I sometimes think of an imaginary dream life. It’s pretty much like my life right now–I’m a stay-at-home mom, I have the same husband, same kids, etc. The setting is just different. It takes place in a beautiful new home somewhere in Utah county instead of a modular home in Nevada.
Since I moved here, I’ve always had this attitude that I would be leaving soon. And I will not stay in this town and this house for forever. But a part of me wanted to leave as soon as possible.
The other day, I watched this video where a boy gives up the high school surf team so he could attend seminary. My first reaction was why can’t he have both things? Surfing isn’t bad. Why should he give it up?
But that reaction was wrong. We can’t have it all. And we should have joy in our sacrifices. Even when we have to give up good things for something that is even better.
I realized that I had been wanting it all. I hadn’t been willing to make the sacrifices that I should have. And one of the sacrifices the Lord has required of me right now is to live here.
And in that moment, I was finally okay being here and I didn’t want to leave as soon as possible. I am far away from a lot of my family and I miss them, but there is so much more to life (and I’m not that far). My husband has an awesome job. I love the people I have met in the town I live in. I have learned a lot and I have had awesome experiences here.

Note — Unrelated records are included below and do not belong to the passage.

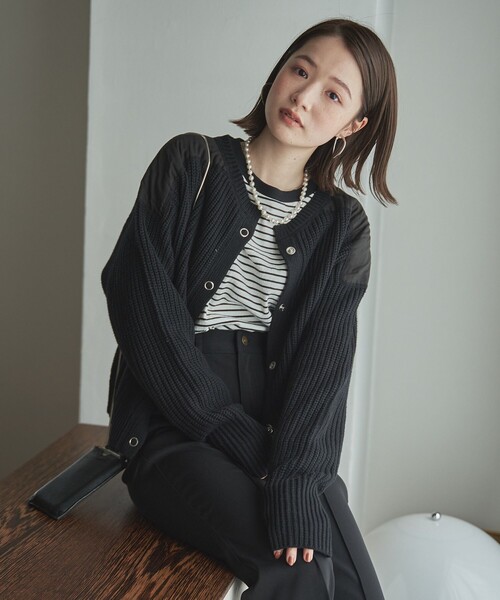 coen（コーエン）の「定番のUSAコットン使用。レトロボーダー袖ボリュームリンガーTシャツ（WEB限定カラー）（Tシャツ/カットソー・レディース・ブラック/パープル/ケリー/オレンジ/ベージュ/ブラウン/ダークグリーン/ネイビー/マスタード/ナチュラル・MEDIUM/LARGE）」の14枚目の写真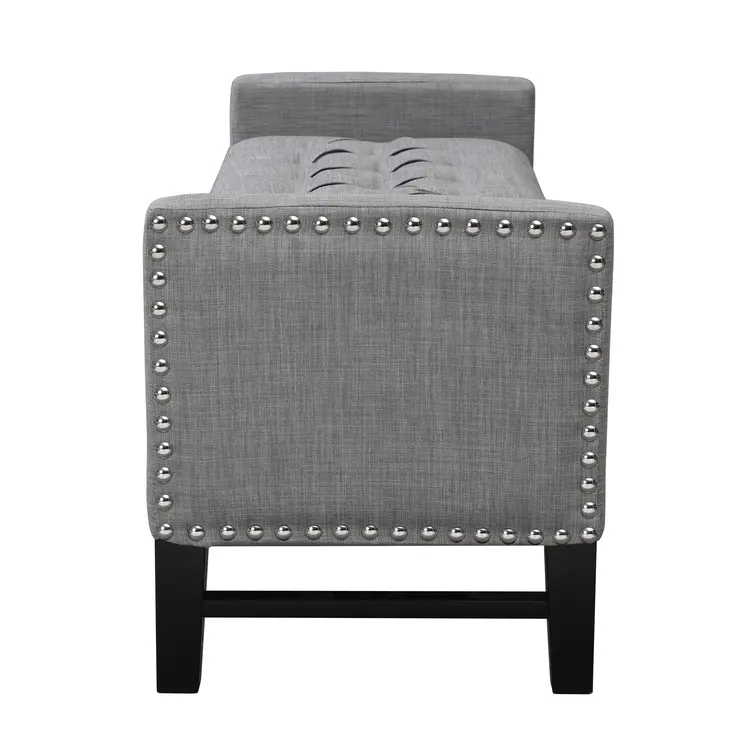 50" Light Gray and Black Upholstered Linen Bench with Flip top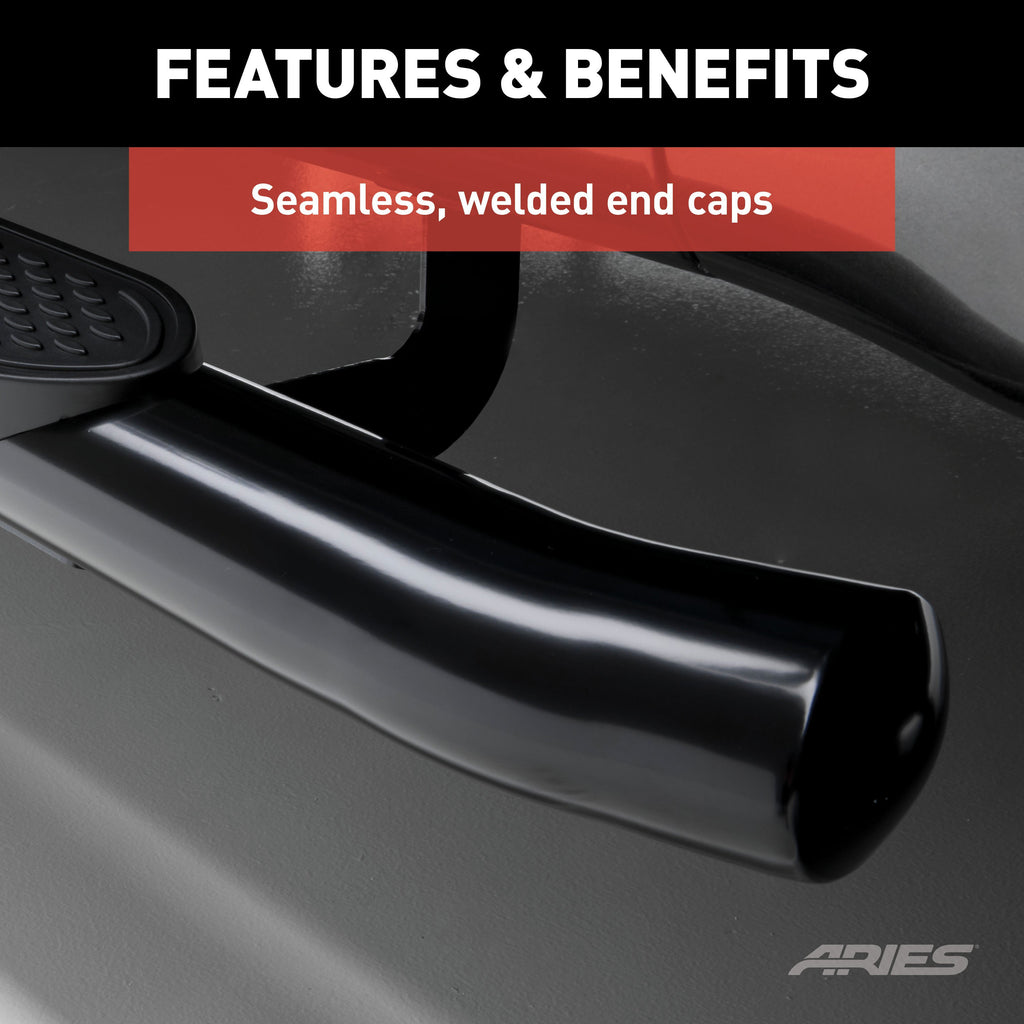 ARIES S223046 4" Black Steel Oval Side Bars, Select Ford Ranger SuperCrew for Select Ford Ranger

The conclusion of that train of thought was that I should paint my house. I’ve always hesitated because I don’t own this house and I’ll probably leave. But I finally realized that I probably won’t leave for a few years. I’m supposed to be here right now. And I didn’t want my walls off-white/cream the whole time I’m here. And I definitely didn’t want the 1980s wallpaper in my kitchen.
So we stripped wallpaper and painted. And now it feels like my house, not something I’m trying to get away from. I’ll post pictures when I finish putting my house together.